I'm using BackupExec and VCB to backup a few VMs. As I understand it, the pre-job script creates a snapshot of my VMs, mounts them as virtual directories on my backup server, and then my backup exec job just backs up the local folders like normal. The problem I'm having occurs during the pre-job script and the directory for one particular server is never mounted.
When I look at the VI client and look at recent activity, I see the snapshot has begun but hasn't finished. It appears to time out after 15 minutes, and thus the server is never backed up.
I have multiple VMs being backed up this way and the others work fine. The troublesome VM has a virtual disk of 85GBs, however, another VM that does work has a virtual disk of nearly 100GBs.
I'm wondering what else about a VM could cause the snapshot to take a long time to create. Is it an issue with the VM host perhaps? The VM host is a very powerful server, and none of the VM guests are used heavily, plus the backups are run off-hours so it shouldn't be a case that the server is just overworked. Are there any logs or tools I can use to see what's slowing the snapshot down?
VMWare uses the term snapshot rather loosely. It is not actually creating a copy of your server, what it does is to stop making any changes to the existing diskfile - and redirect the changes to a delta file for the life of the snapshot.
What this means is:
I think that what the VCB process does is to make a snapshot (so that the data doesn't change during the copy), and then make a clone of the frozen file for backing up. This can take some time - although you mention that it succeeds for a larger server, so this probably isn't the issue.
One possibility is if you have any virtual disks marked as independent. If so, these are ignored by the snapshot process, and possibly by VCB as well. Not sure how VCB mounts the drives, but perhaps it requires a drive that is marked as independent?
Latency and SCSI reservations have already been mentioned and those are often the cause.
Other things to check:
Are your vmtools in this particular VM installed and running properly? Is the VM running an outdated version of vmtools? The VMware tools are key for getting a good snapshot. For example, more recent versions of ESX 3.5 and vmware tools support using VSS as the snapshot provider for Windows VMs but the updated version of vmware tools would need to be installed with VSS support and that would need to be configured.

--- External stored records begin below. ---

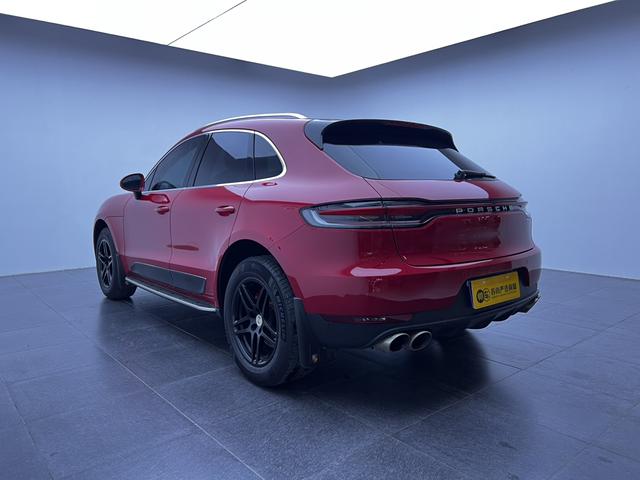Porsche Macan - фото 3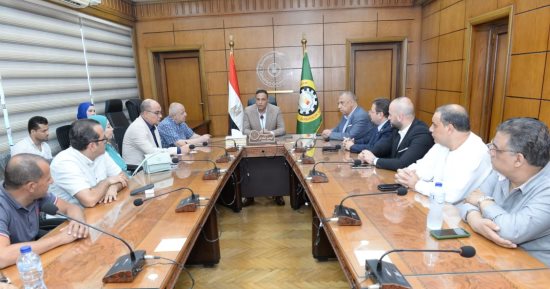 محافظ الدقهلية يناقش مع "الغرفة التجارية" آليات ضبط وتخفيض أسعار السلع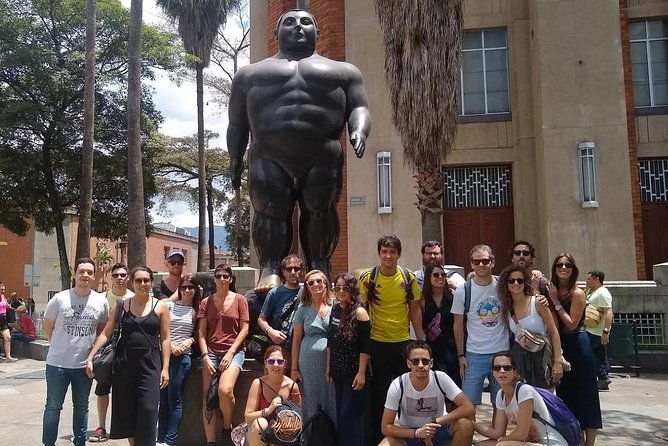 walking-historical-tour-of-medellin-walking-reality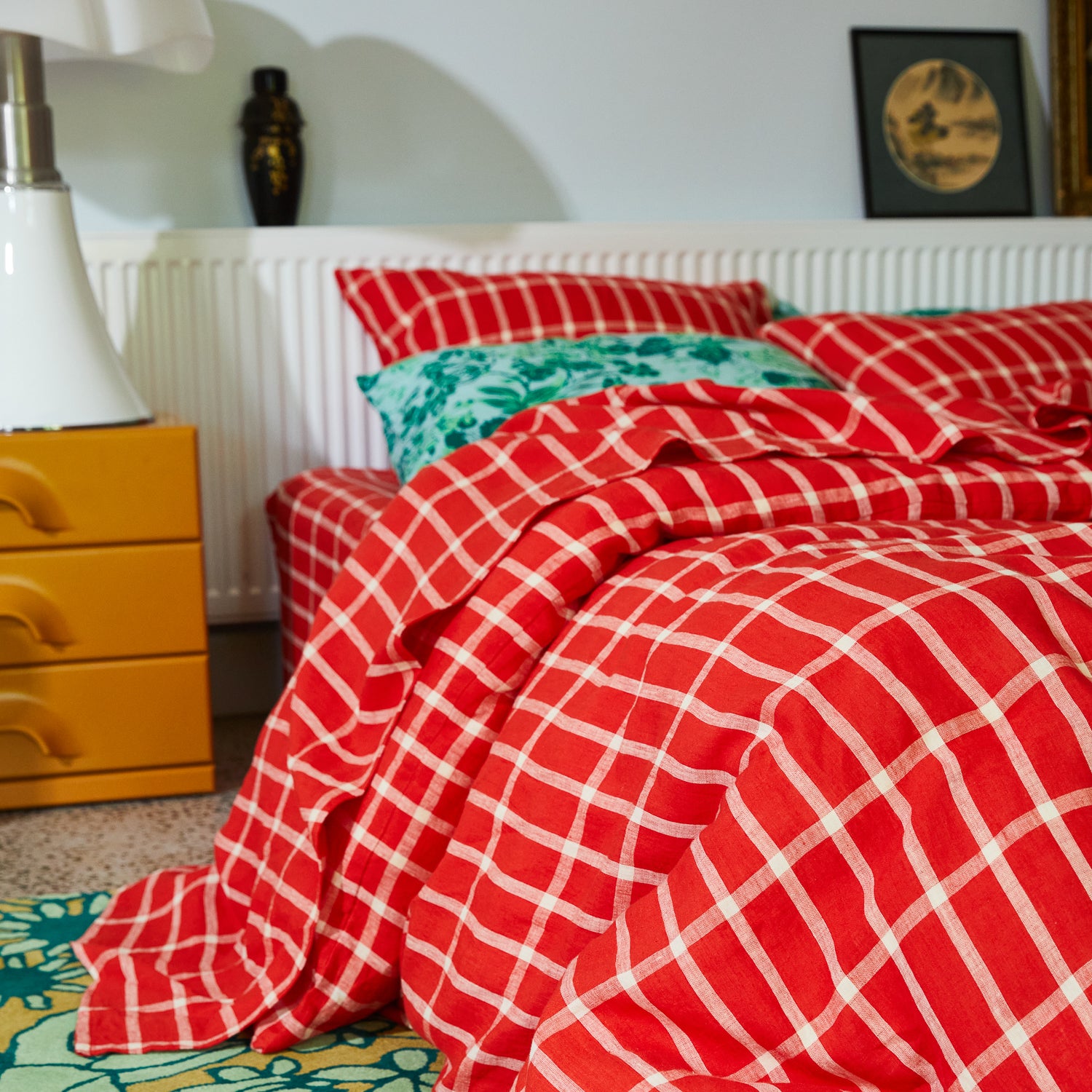 Premium Remi Linen Quilt Cover Set - Scarlet Red 100% Natural Breathable Fabric for Bedroom, Guest Room & Cozy Home Decor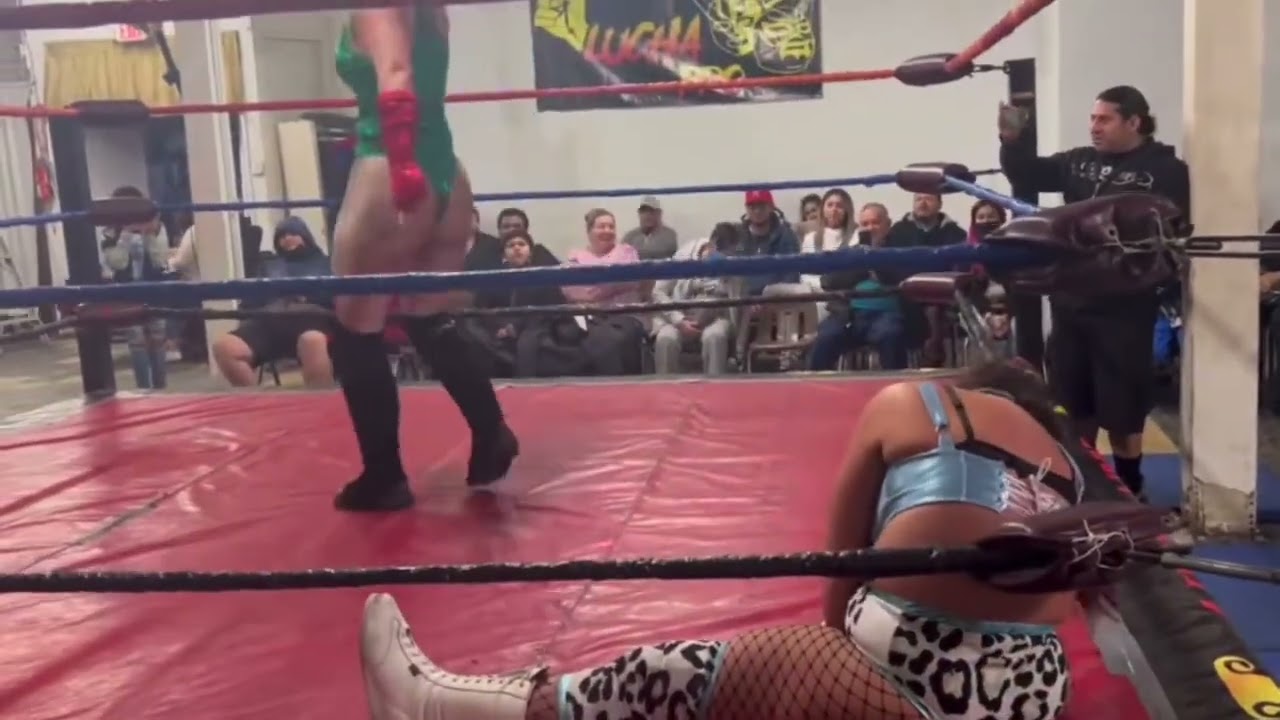 Nadia sapphire receives the stinkface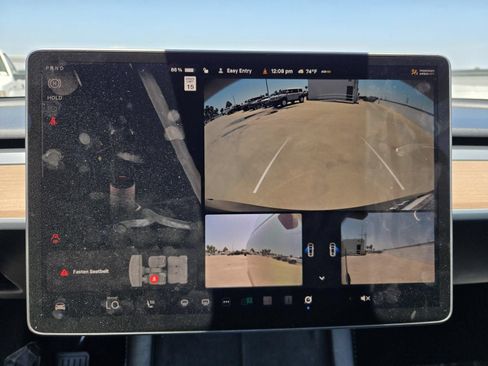 Used 2023 Tesla Model Y AWD image 10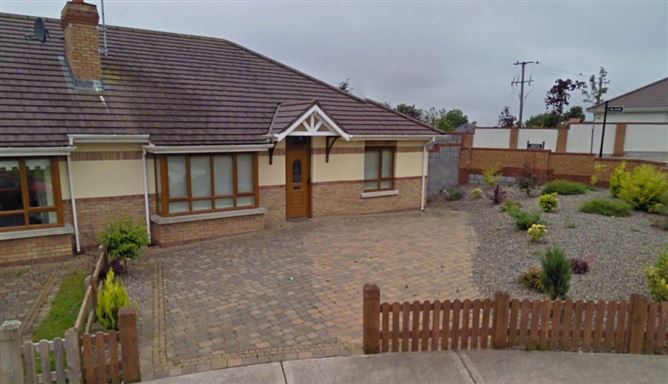 16 The Drumlins, Virginia, Cavan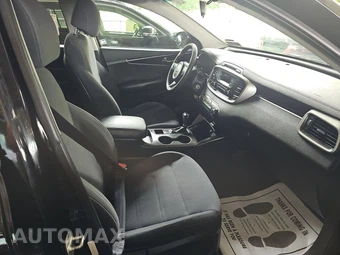 2017 Kia Sorento L – miniatura 8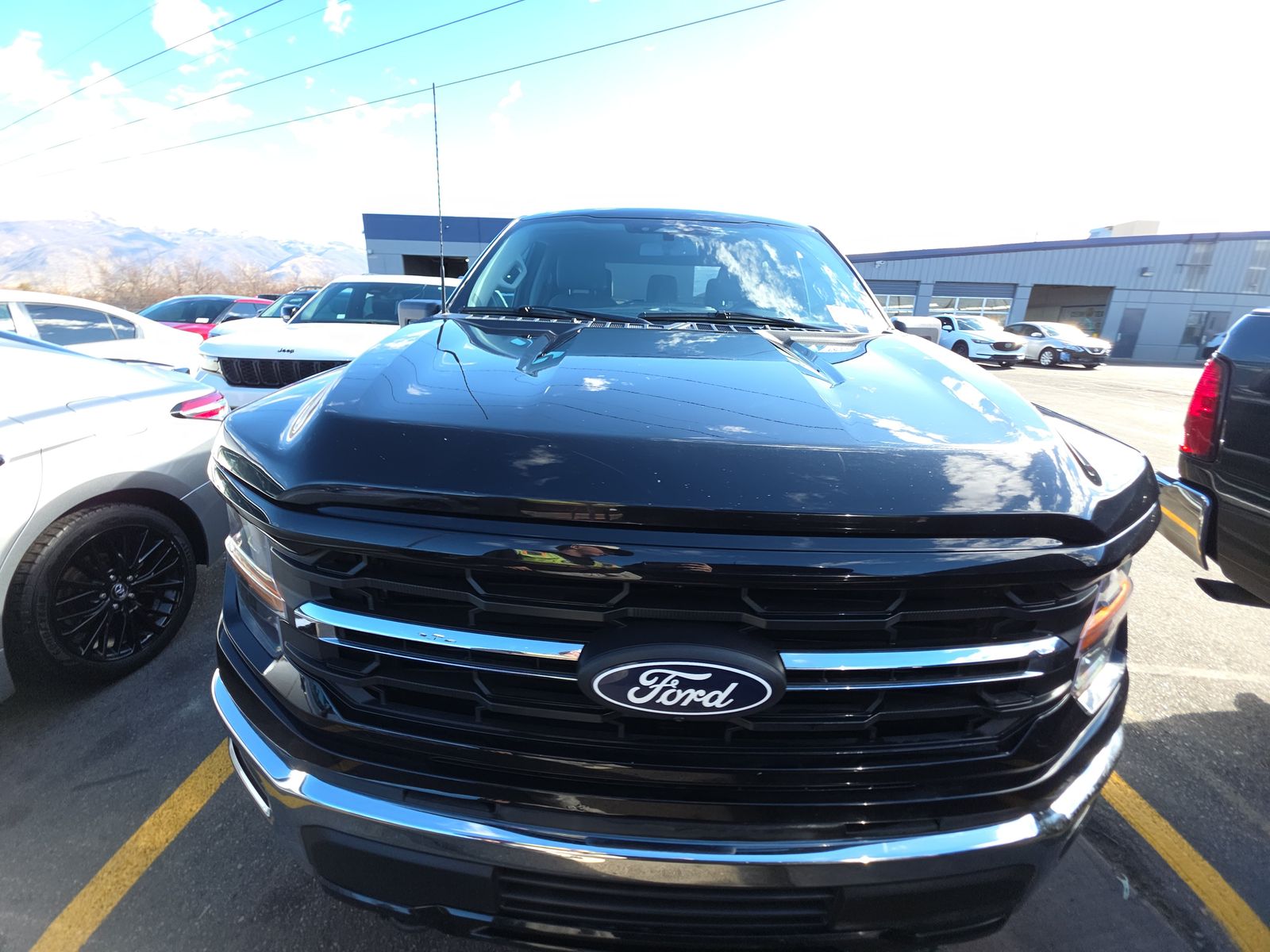 2024 Ford F-150 XLT AWD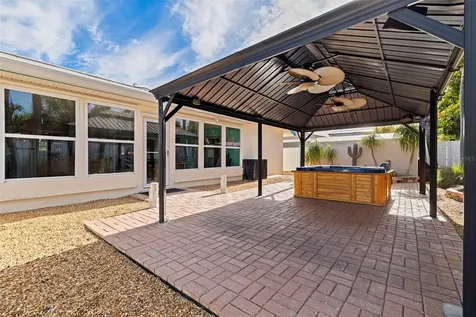 290 1st Street W Tierra Verde FL 33715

The backup resource: is this particular job queuing for an extended period of time? If the disk stage or tape drive is in use and the job remains at the snapshot stage for an extended period of time, the snap may never actually get taken. This seems unlikely given your description but in general it might be something to check.
Check the latency on your san when this is occurring. It could be that another vm or process (sql server job?) is hitting the san at the same time.
How many VMs do you host on that same LUN? How busy are they?
We have had major trouble here with some VMware ESX servers laying so many SCSI reservation on a LUN, other ESX servers using the same LUN weren't able to write to the LUN anymore. You should be able to see this in the logfiles though.
ESX sets a SCSI reservation on an entire LUN when it goes off doing metadata updates. It is possible that VCB adds some to the already heavy load on the LUN here.
Officially, this problem has been fixed for some months, but we still experience trouble every now and then.
Another thing, make sure that defragging never runs while there is a snapshot against the VM. The delta file just explodes in size.